Adzookie is a free mobile advertising network with a plan to get noticed. The company’s CEO, Romeo Mendoza, is looking for houses to turn into Adzookie billboards. In return for the exterior surface rights to the house, Adzookie will pay the homeowner’s mortgage for the duration of time–anywhere from three months to one year–that the billboard is in place.
Michael Bevel of Forbes doesn’t care for the idea.
The company has already recieved over 1,000 applications, prompting Adzookie’s CEO, Romeo Mendoza, to offer this quip to CNNMoney: “It really blew my mind. I knew the economy was tough, but it’s sad to see how many homeowners are really struggling.”
Sad — but not prohibitively sad. Mendoza hasn’t thought better of his company’s program that takes advantage of the desperation (or, sure, in some cases, greed) of homeowners struggling to stay in their houses and out of foreclosure. And for those in love with the free market, of course Mendoza shouldn’t think better of his plan. If Mendoza has paint and I have a need + flat surface, then why shouldn’t we make an ad-covered house-baby?
This is one of those stories that reminds me how incredibly broad the advertising business is. There are people who believe deeply in craft and in raising the bar in this business, and there are others who ask small towns to change their name for money, or 10 years of free TV, as the case may be. Then last fall two men in Iowa tattooed a radio station’s call letters on their faces for money. Now this.
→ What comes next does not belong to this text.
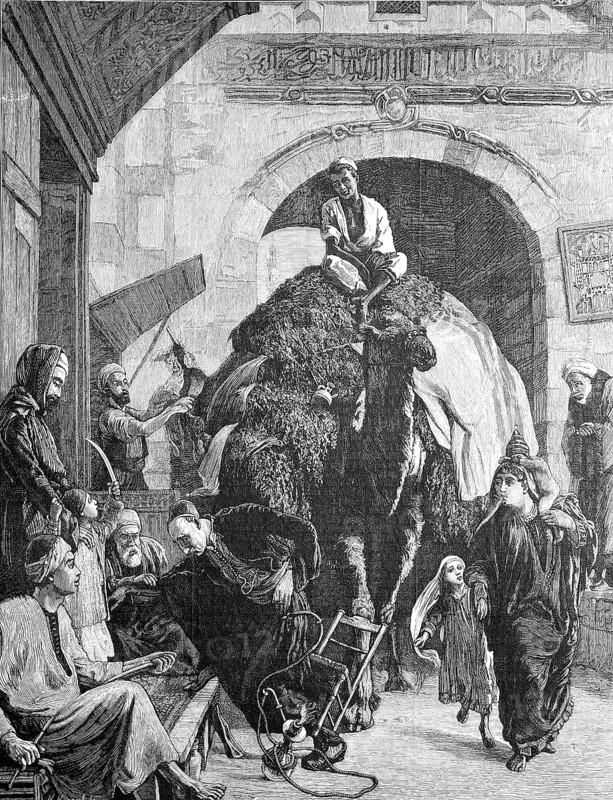 A street in cairo, a merchant with a loaded camel rides through the gate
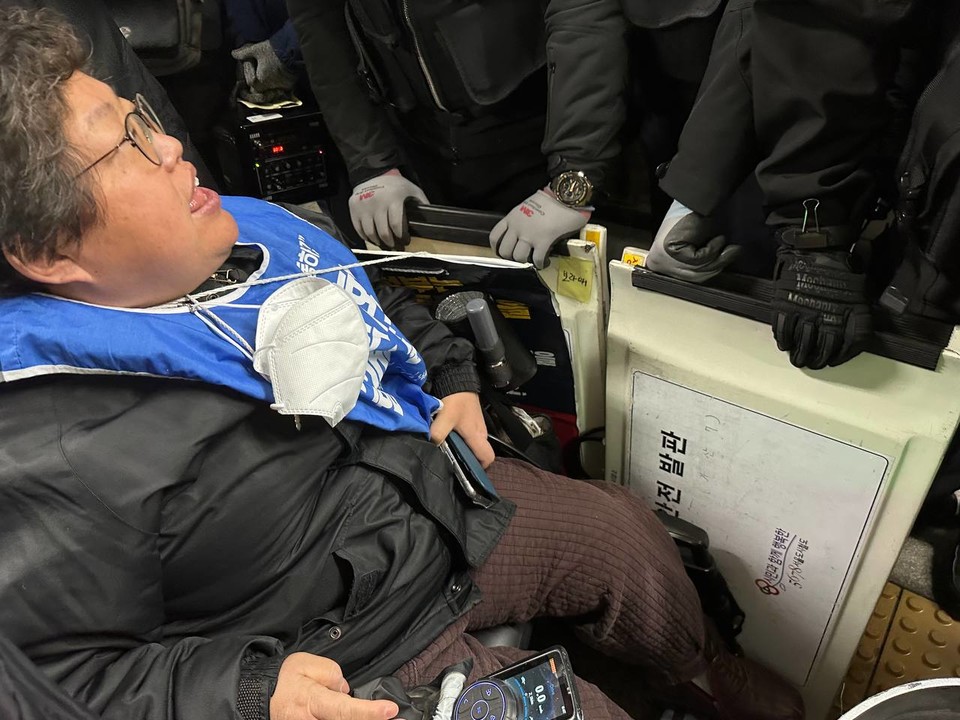 이형숙 서울시장애인자립생활센터협의회 회장이 지하철에 탑승하려고 하자 서울교통공사 측이 휠체어 이용자 탑승을 위해 준비한 발판으로 막아서고 있다. 사진 전장연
Advertising is at once a carnival and a craft, and it’s all happening under one big tent. The carnival barkers and shameless promoters couldn’t care less about the craftsmen, nor about the damage they do to the industry (I suspect those concerns are not even on their radar). On the other hand, the craftsmen can’t get far enough and fast enough away from the carnies. Yet, there is no real escape. To people outside the industry it’s all advertising, and it’s almost always bad.